PastBook Raises $250K To Help Preserve Online Memories, Instagrammers First In Line

Some of our most precious memories exist online-only, in the form of photographs scattered across various and disparate social networks. And when the time comes to share those memories with grandchildren… Well, good luck with that.

It’s a problem that PastBook, a startup currently based in Amsterdam, Netherlands, as part of the RockStart.Accelerator program, wants to tackle head-on with a service that makes it easy to consolidate and preserve those photographic memories both online and off-line.

Today, the company is announcing a $250k seed financing round from Noro Venture Capital, Vidoze BV and a group of undisclosed angel investors. The funding comes in the form of a convertible note and follows an earlier investment of €15k (plus office space and mentoring) from RockStart as part of PastBook being accepted into its program.

Launching first for Instagram (with Facebook integration up next), PastBook enables users to turn their Instagram photos into an online book which can be browsed via the Web, downloaded as a PDF or turned into a professionally printed book. Comments and likes on photos on Instagram can also be included “in bid to make users’ memories more vivid”, says the company. The app also ties into a user’s social graph, making it easy to create and gift a PastBook to their friends.
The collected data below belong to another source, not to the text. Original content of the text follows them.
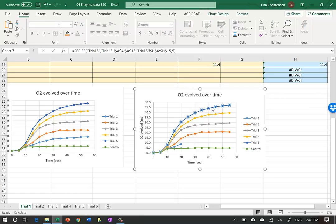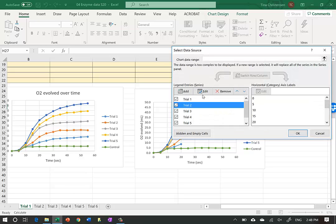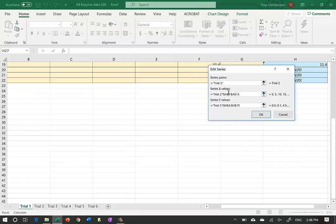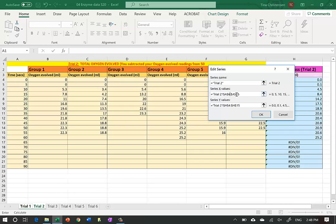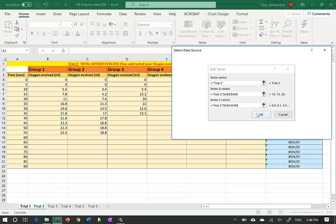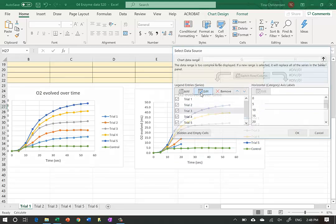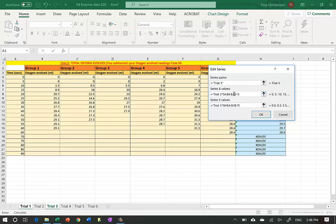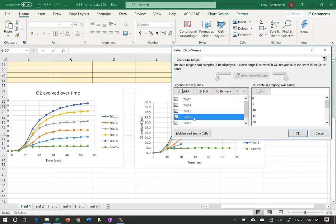We do this with all trials. Right-click, Select Data, edit Trial 2 - change both X and Y ranges to rows 6 and 8. Then do the same for Trial 3 - rows 6 and 8 for both X and Y.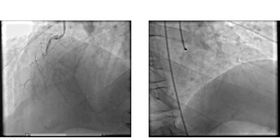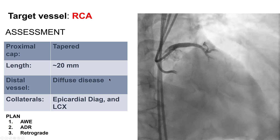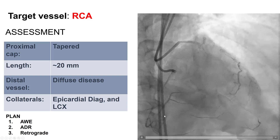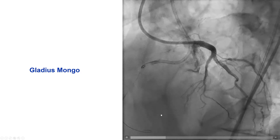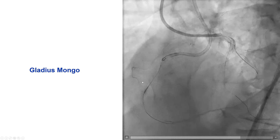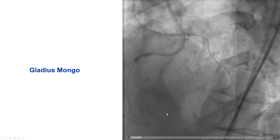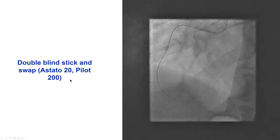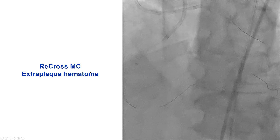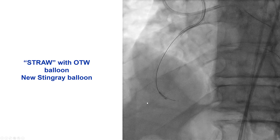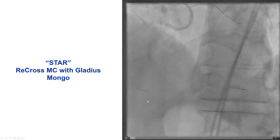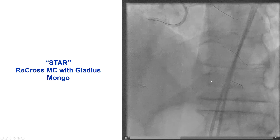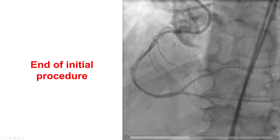There is the RCA, a diffusely diseased vessel. The patient underwent a percutaneous coronary intervention attempt that was outlined in detail in video 181. The right coronary was approached with an ADR. There were multiple attempts for re-entry using various systems, including the stingray balloon as well as the recross microcatheter, and despite using the straw technique and other techniques, it was not successful. In the end, we performed the STAR technique with the Gladius Mongo, and this is the final result.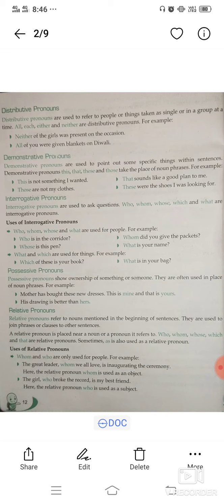Interrogative pronouns are used when we are asking questions. Who, whom, whose, which, and what are interrogative pronouns. For example: Who is in the corridor? Who did you give the packets to? These are all interrogative pronouns because questions are being asked.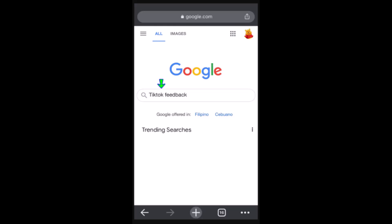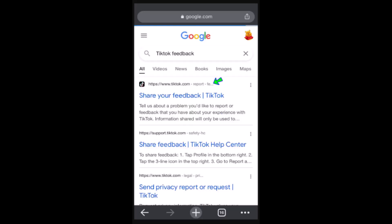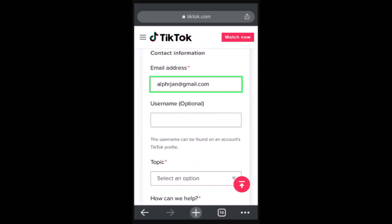In order to recover your TikTok account without your contact information, you need to open up your web browser — you can use any web browser that is convenient for you. On the search box, type in 'TikTok feedback.' You'll be able to see two different fields; from here you'll need to click on www.tiktok.com/report.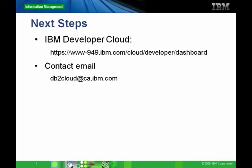You can check out the IBM Developer Cloud at the URL given. And you can also contact us at db2cloud@ca.ibm.com. As always, any questions and comments are welcome in the associated forum. Thank you.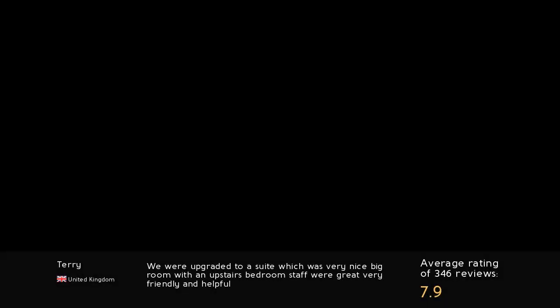We were upgraded to a suite which was very nice, big room with an upstairs bedroom. Staff were great, very friendly and helpful.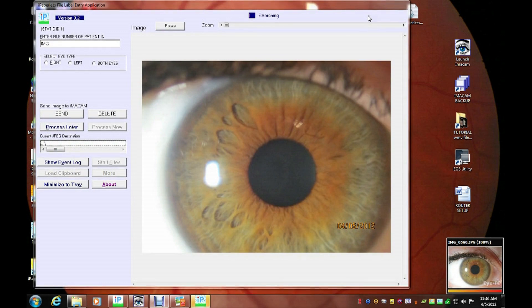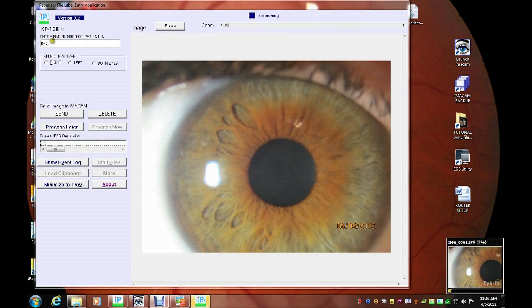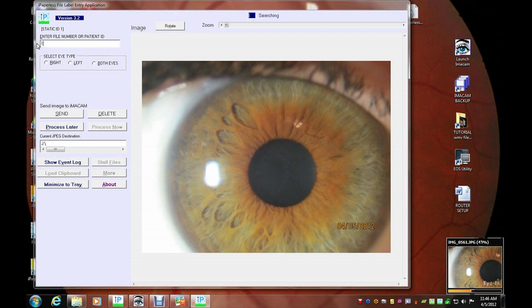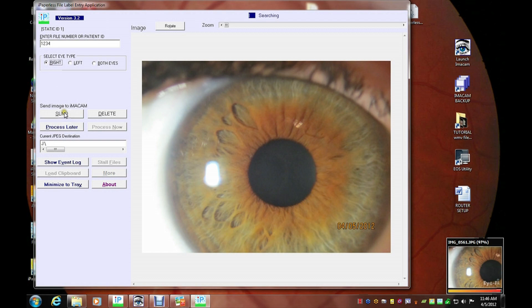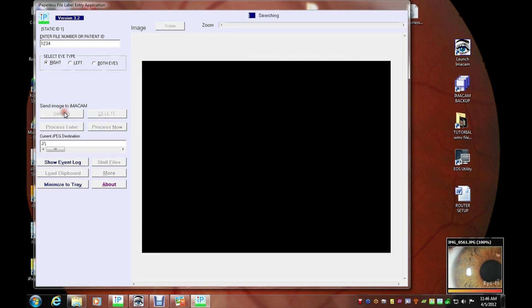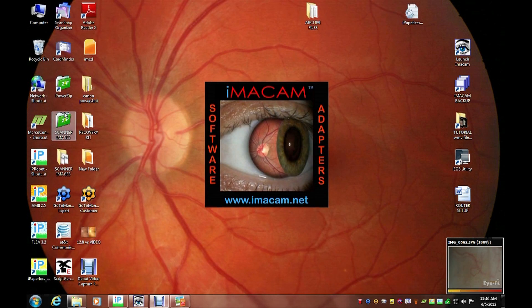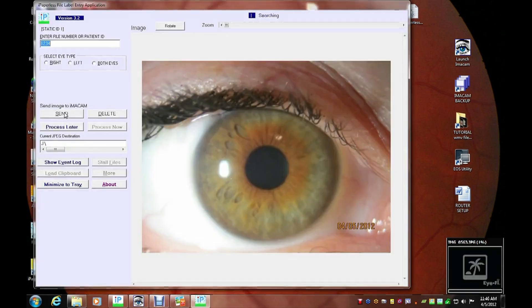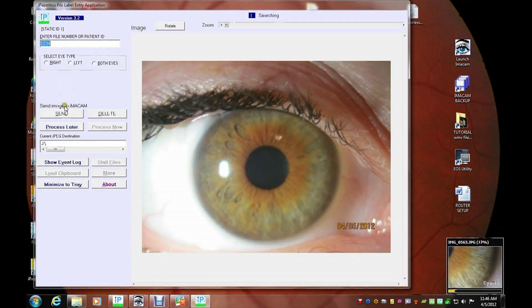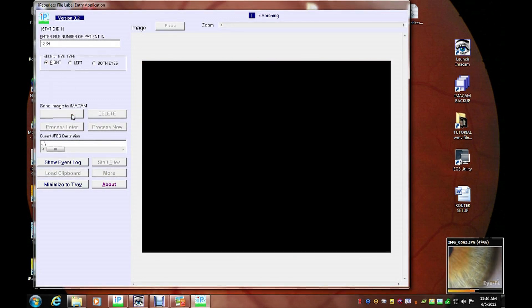The iPaperless FLEE software will then preview them full size. You simply add the patient ID and eye type and click send. The patient ID will then remain static until the next patient.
The aim, eventually, is to support all the main photo sharing social networks.

The cloud element is reminiscent of things like the latest pivot from Jolicloud or services such as memolane, and there are a plethora of on-demand printing offerings that will turn your Instagram or Facebook photos into a physical book.

PastBook says it differs from each in that it’s not trying to create “another timeline” in the cloud and its app goes far beyond just printing. Whether or not that’s enough of a differentiator, we’ll have to wait and see. The startup’s backers, announced today, obviously think so. Meanwhile, its founders, Stefano Cutello and Giuseppe Prioriello, say that they have put their houses up for sale to make a go of the startup, freeing them to relocate where required, and have both left successful careers behind: Cutello was at eBay and Priorello worked for one of the leading printing companies in Italy.